** RECORD SET follows **

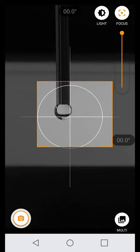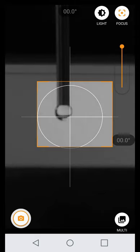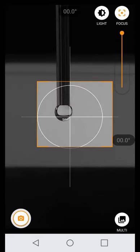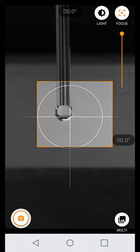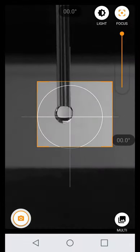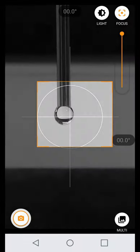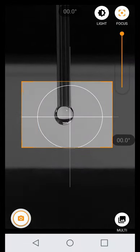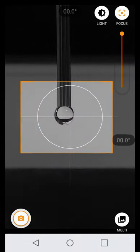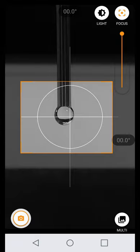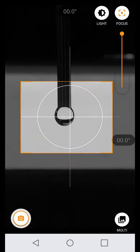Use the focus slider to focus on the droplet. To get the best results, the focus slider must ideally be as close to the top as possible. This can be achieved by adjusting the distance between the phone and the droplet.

** End of RECORD SET **
** RECORD SET follows **

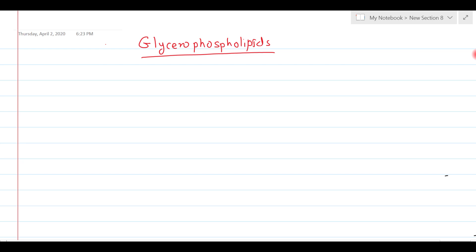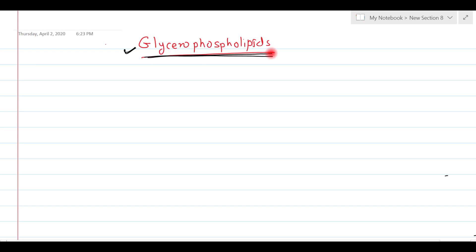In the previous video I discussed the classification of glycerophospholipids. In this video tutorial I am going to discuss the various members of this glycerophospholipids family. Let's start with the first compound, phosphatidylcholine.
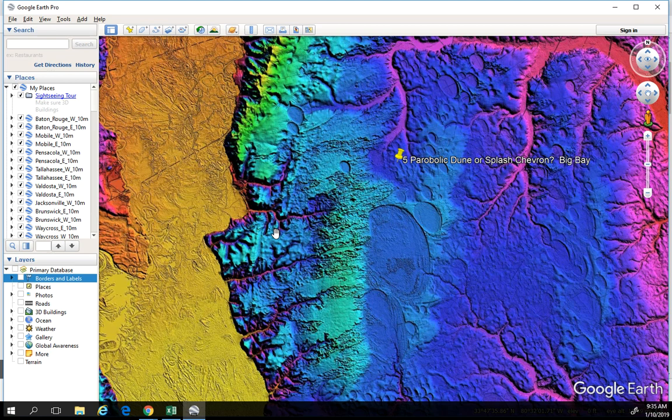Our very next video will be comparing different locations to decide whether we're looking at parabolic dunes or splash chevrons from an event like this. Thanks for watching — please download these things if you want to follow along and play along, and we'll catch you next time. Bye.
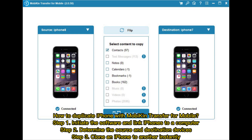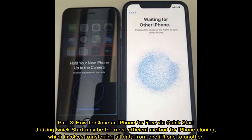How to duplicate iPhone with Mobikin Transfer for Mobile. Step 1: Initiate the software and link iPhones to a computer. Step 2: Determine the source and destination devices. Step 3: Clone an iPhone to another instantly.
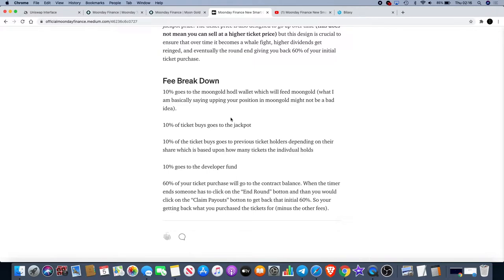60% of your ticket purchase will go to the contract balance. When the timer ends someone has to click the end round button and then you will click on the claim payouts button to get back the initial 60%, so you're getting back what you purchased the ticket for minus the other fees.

** End of RECORD SET **
** RECORD SET follows **

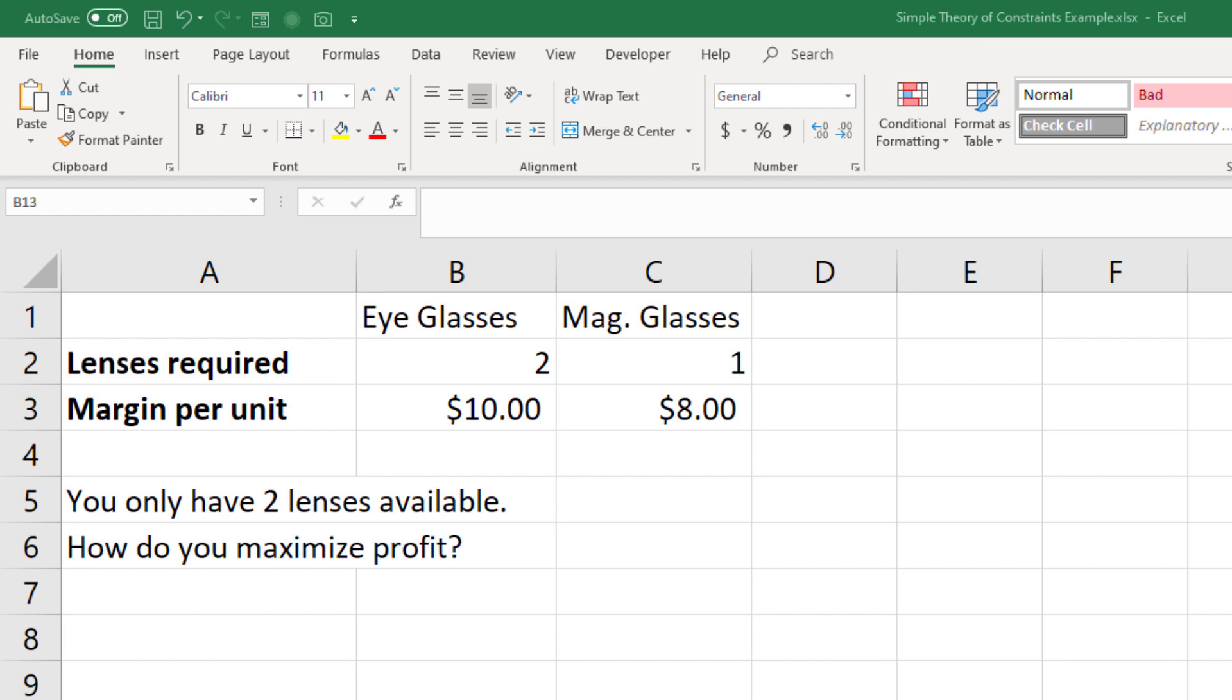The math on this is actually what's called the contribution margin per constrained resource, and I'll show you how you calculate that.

** End of RECORD SET **

▶ _WORK REQUIRED_: What are the lines above from the one with "In the previous" to the one with "60% of your", both included? Reproduce them exactly, without pictures.

▶ _ANSWER TO THE EXERCISE_:
In the previous video I discussed the classification of glycerophospholipids. In this video tutorial I am going to discuss the various members of this glycerophospholipids family. Let's start with the first compound, phosphatidylcholine.
Our very next video will be comparing different locations to decide whether we're looking at parabolic dunes or splash chevrons from an event like this. Thanks for watching — please download these things if you want to follow along and play along, and we'll catch you next time. Bye.
How to duplicate iPhone with Mobikin Transfer for Mobile. Step 1: Initiate the software and link iPhones to a computer. Step 2: Determine the source and destination devices. Step 3: Clone an iPhone to another instantly.
60% of your ticket purchase will go to the contract balance. When the timer ends someone has to click the end round button and then you will click on the claim payouts button to get back the initial 60%, so you're getting back what you purchased the ticket for minus the other fees.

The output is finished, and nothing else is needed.